Friday, July 27, 2012

Samsung files 'me too' motion for adverse inference jury instruction against Apple

On Wednesday morning, Magistrate Judge Paul S. Grewal granted an Apple motion for an adverse inference jury instruction against Samsung on the grounds of spoliation of evidence. Samsung has now followed up on a footnote in which Judge Grewal stated that Apple's alleged "fail[ure] to issue litigation hold notices in August 2010 is irrelevant to the court's determination here. Samsung has always been free to argue, at the appropriate time, that Apple too is guilty of spoliation".

Samsung says that now is the appropriate time (which I doubt given that the trial will start on Monday) and that the court should not hold Samsung to a different legal standard than Apple concerning the obligation to issue a litigation hold notice to employees in light of reasonably foreseeable litigation. [Update] Apple's first reaction to this motion was to bring a motion to strike this motion because it is, according to Apple, "untimely" (two court days before the trial). [/Update] Samsung even wants the court to tell the jury that litigation was more foreseeable to Apple since it initiated litigation while Samsung reasonably assumed that the parties would reach a business agreement as they did on some other issues in the past.

There are very smart and serious people at work, and this is a strategically important lawsuit for a huge industry, but Samsung's motion bears an eerie resemblance to a child telling its parents that its sibling was guilty of the same behavior it was just punished for. "He too did that."

I would not make a remark like that if Samsung's motion was at least remotely reasonable. But the objective is transparent, and even before Apple files its reply I can see a number of reasons for which the motion makes no sense whatsoever except that Samsung may hope that a U.S. court will always want to avoid being seen as applying double standards in a major commercial dispute between its own country's and an allied country's most valuable companies. But a ridiculous motion is still a ridiculous motion, and I don't think Judge Koh and Judge Grewal will hesitate to deny a motion that lacks merit.

It's clear that Samsung brings this motion because it's afraid of the impact of the spoliation-of-evidence instruction on its credibility in the jury's eyes. If Samsung won the same kind of instruction against Apple, the jury might think that they're both equally untrustworthy, though in practical terms the lost emails on Samsung's part were most likely very relevant to the willfulness question while it's a safe assumption that even if any emails were lost on Apple's part, they wouldn't make a difference. In fact, Samsung suspects that some emails of inventors of some of the asserted design patents got lost. In a formal sense, such emails may have to be produced, but they don't change anything about validity or infringement. Even if Samsung's motion succeeded, a sophisticated jury would understand this, but it's all about the perception of the kinds of people who usually serve on juries.
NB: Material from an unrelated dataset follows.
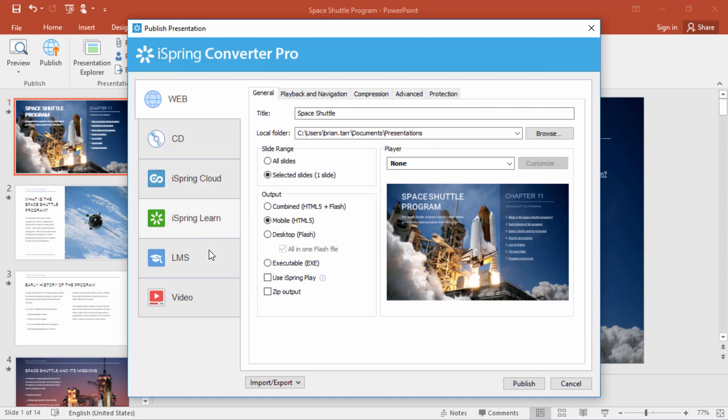The other two are iSpring Cloud and YouTube, which we'll get to in a sec. For interactive stuff, you're going to want to use one of these first two methods, and HTML5 is a perfect format for that.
But apart from the bearing any internal emails would or would not have had on the trial, the facts couldn't be more different:

  1. In Korea, Samsung employees mostly use an email system named "mySingle" that was developed internally and has a periodic deletion mechanism. Samsung got into trouble with another U.S. court seven years ago because of this, and didn't solve the problem. With all of Apple's litigation, we'd know by now if Apple had ever had any similar problem. Presumably, Apple's employees use an email client that doesn't auto-delete.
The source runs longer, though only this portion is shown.